Segment Open

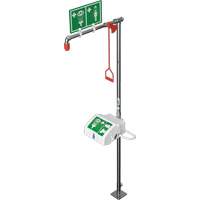 Douche combin&eacute;e avec cuvette ferm&eacute;e en ABS et entr&eacute;e sup&eacute;rieure, Socle PR Distribution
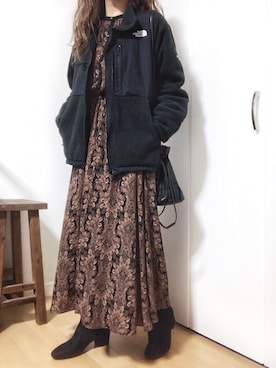 「プリーツバッグ」｜「アイテム（ブルゾン）」を使った、めるもさん（レディース・158cm）の冬コーディネート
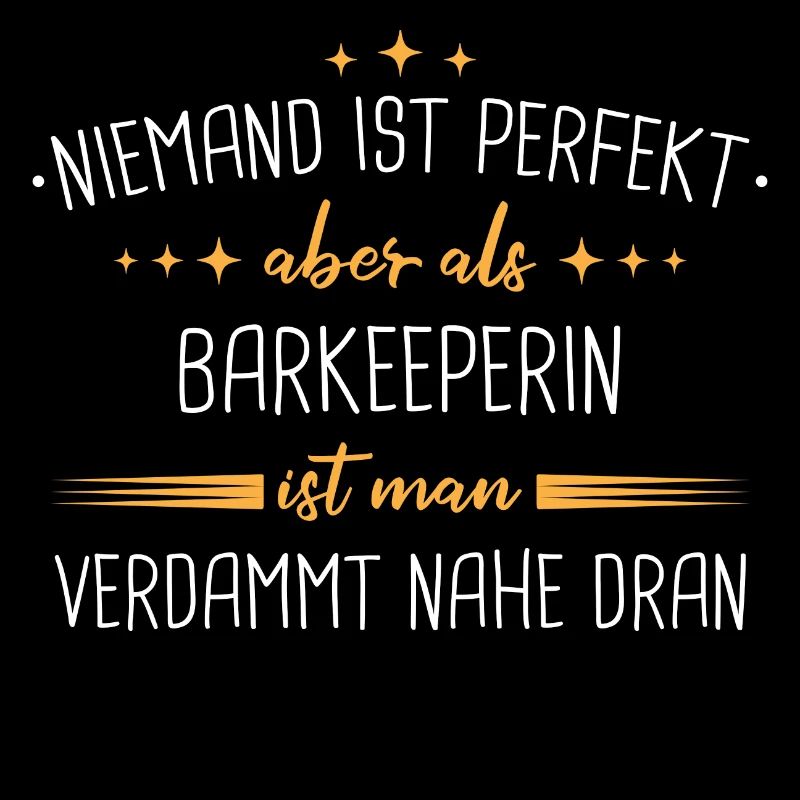 Barkeeper Kellner Barfrau Alkohol Cocktail Spruch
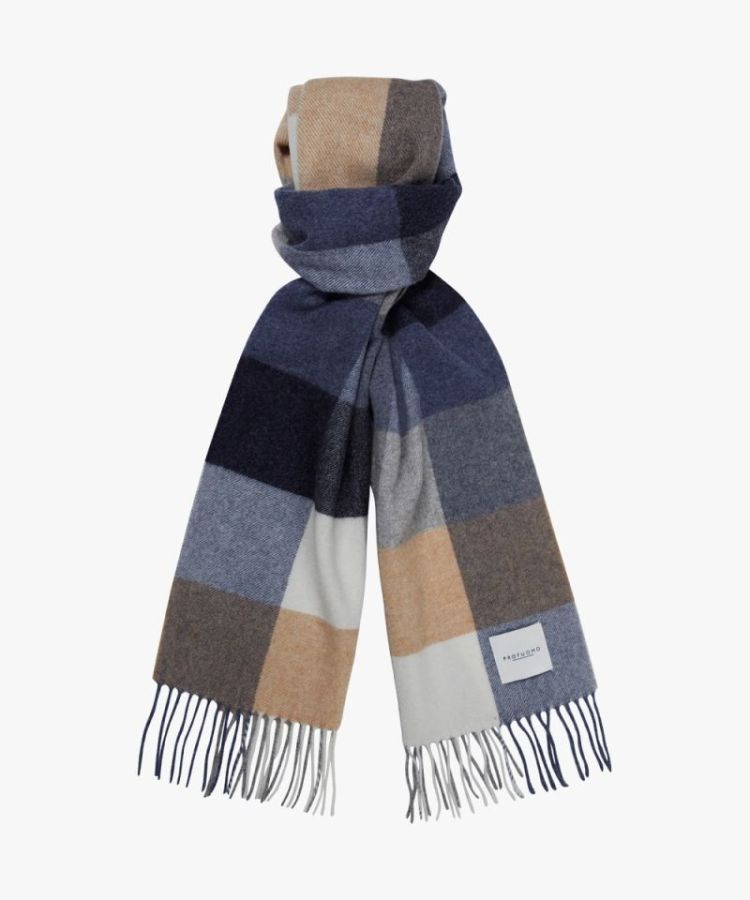 PPUS30003C SCARF LAMBSWOOL BLUE M Blue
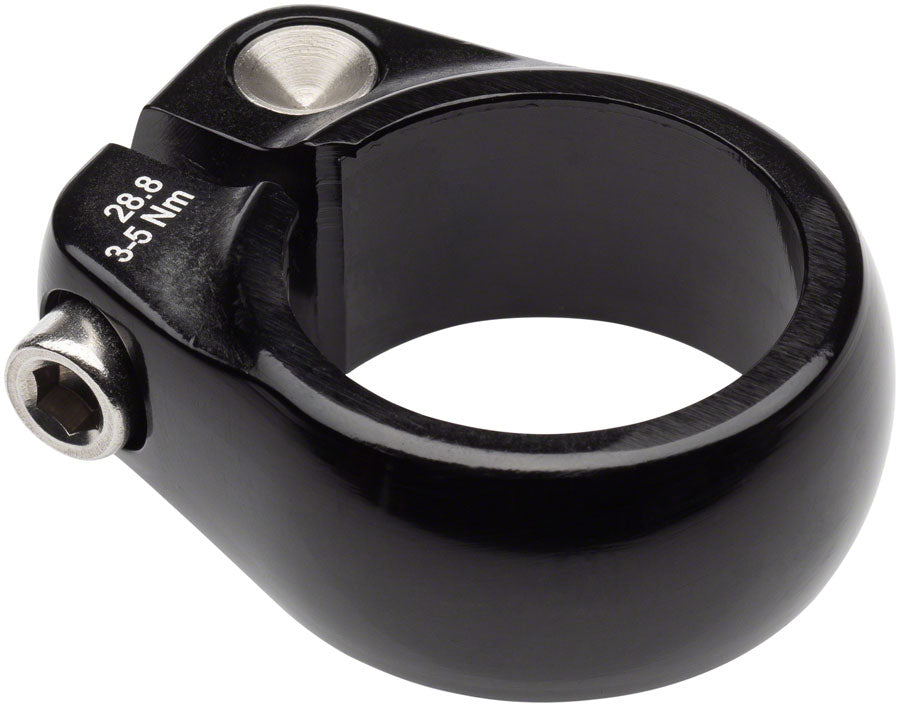 Salsa Lip-Lock Seatpost Clamp - 28.8mm Bolt-On Black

Segment Closed

● PROBLEM TO WORK ON
Output the entries verbatim but drop the images.

● RESULT OF THIS TASK
 Douche combin&eacute;e avec cuvette ferm&eacute;e en ABS et entr&eacute;e sup&eacute;rieure, Socle PR Distribution
 「プリーツバッグ」｜「アイテム（ブルゾン）」を使った、めるもさん（レディース・158cm）の冬コーディネート
 Barkeeper Kellner Barfrau Alkohol Cocktail Spruch
 PPUS30003C SCARF LAMBSWOOL BLUE M Blue
 Salsa Lip-Lock Seatpost Clamp - 28.8mm Bolt-On Black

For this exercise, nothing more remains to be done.